Monday, January 19, 2015

How so-called "guidelines" become hard-and-fast "regulations"


Our previous post showed how Utilization Review decisions sometimes turn out to be regarded and applied as actual practice mandates and how 80% of such decisions are actually denials of care that get upheld by Independent Medical Review. 

The quizzical situation is that many of the UR doctors are not licensed in California. Neither are many of the IMR doctors. More to the point is that the UR doctors and their IMR colleagues often reject diagnostic studies and treatment that has been recommended by MPN (medical provider network) doctors that have been selected by the same companies that approved the UR panels that then denied treatment. Practicing doctors and their patients who know that an injury is real have long since figured out that cost-control, not patient care, is the name of the game. Even the AMA has gotten into the game, purveying and selling to any and all willing buyers a book called Guidelines to Impairment. This book has proved to be a goldmine for insurance companies and their employers who don't want to pay for whatever they can get away with denying as a "covered" item.

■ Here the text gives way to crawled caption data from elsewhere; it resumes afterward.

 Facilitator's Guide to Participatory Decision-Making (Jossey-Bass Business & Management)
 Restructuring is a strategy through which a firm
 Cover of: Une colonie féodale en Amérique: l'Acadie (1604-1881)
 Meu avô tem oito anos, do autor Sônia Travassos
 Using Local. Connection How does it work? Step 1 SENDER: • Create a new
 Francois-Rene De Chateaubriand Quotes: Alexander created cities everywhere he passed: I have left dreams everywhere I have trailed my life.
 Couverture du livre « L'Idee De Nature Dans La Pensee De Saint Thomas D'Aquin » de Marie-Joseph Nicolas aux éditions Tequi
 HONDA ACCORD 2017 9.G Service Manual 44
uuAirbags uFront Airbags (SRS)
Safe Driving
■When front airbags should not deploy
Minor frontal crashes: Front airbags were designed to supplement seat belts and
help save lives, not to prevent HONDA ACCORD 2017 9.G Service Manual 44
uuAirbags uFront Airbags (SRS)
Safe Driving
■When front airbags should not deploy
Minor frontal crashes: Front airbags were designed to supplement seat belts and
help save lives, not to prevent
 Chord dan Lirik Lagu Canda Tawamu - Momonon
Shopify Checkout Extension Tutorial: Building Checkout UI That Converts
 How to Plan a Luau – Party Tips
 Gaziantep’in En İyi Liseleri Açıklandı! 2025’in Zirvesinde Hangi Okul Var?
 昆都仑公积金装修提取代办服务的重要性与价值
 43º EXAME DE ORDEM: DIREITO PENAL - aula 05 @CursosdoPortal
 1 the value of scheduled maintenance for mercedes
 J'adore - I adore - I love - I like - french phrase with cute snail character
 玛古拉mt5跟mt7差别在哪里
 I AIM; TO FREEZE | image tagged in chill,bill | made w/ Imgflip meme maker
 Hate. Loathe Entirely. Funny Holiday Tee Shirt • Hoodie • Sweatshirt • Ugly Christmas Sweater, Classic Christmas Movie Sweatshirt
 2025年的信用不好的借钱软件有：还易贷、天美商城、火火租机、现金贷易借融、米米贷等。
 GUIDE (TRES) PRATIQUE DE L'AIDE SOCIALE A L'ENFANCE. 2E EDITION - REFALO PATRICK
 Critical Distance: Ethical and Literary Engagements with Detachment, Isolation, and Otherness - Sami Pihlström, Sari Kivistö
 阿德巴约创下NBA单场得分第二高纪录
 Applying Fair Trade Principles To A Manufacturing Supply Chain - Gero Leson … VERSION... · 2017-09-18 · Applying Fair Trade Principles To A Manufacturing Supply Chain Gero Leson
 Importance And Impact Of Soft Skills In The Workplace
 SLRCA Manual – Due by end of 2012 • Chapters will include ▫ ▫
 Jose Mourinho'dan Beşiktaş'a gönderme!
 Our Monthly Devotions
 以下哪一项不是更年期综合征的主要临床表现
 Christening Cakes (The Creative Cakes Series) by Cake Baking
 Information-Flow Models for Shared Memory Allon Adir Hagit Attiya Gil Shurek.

Meanwhile, seeing the business success of the AMA Guidelines, other organizations have jumped onto the regulatory bandwagon, e.g, the ABMS boards who now sell "recertification" and "maintenance of certification" programs to their own members. In fact, the eagerness with which physicians' own organizations have sought to subjugate its own members has actually provoked enough ire among physicians that 14 states have already passed legislation modifying the greed-encrusted thrust of the ABMS boards to sequester themselves as well paid bosses (about $800,000 for the ABMS chief, see previous post).

Likewise professional organizations such as the American Academy of Neurology (AAN) which recently published a "position paper" on chronic pain and opioid medication -- without submitting a draft to the California Neurology Society (CNS). THAT caught the attention of  then CNS president Robyn Young, MD, who also reviewed a similar advisory from the Medical Board of California (MBC) which seemed more in line with CNS practices than the AAN paper which was widely regarded as one-sided and biased.

That situation in turn led to CNS' asking its own Director of Government Relations to testify at the MBC hearing in October of 2014. The MBC considered several subjects one of which was a unified and reasonable approach to the treatment and management of chronic pain. Accordingly, the CNS Director of Government Relations, Steve Cattolica, stated "these guidelines are not the only treatment of this issue prescribing controlled substances for non-cancer pain." It was acknowledged that such guidelines, however,"should represent the standard of care for physicians in California ... that fact begs the question how these guidelines will be used or IF they will be used as the Board has intended."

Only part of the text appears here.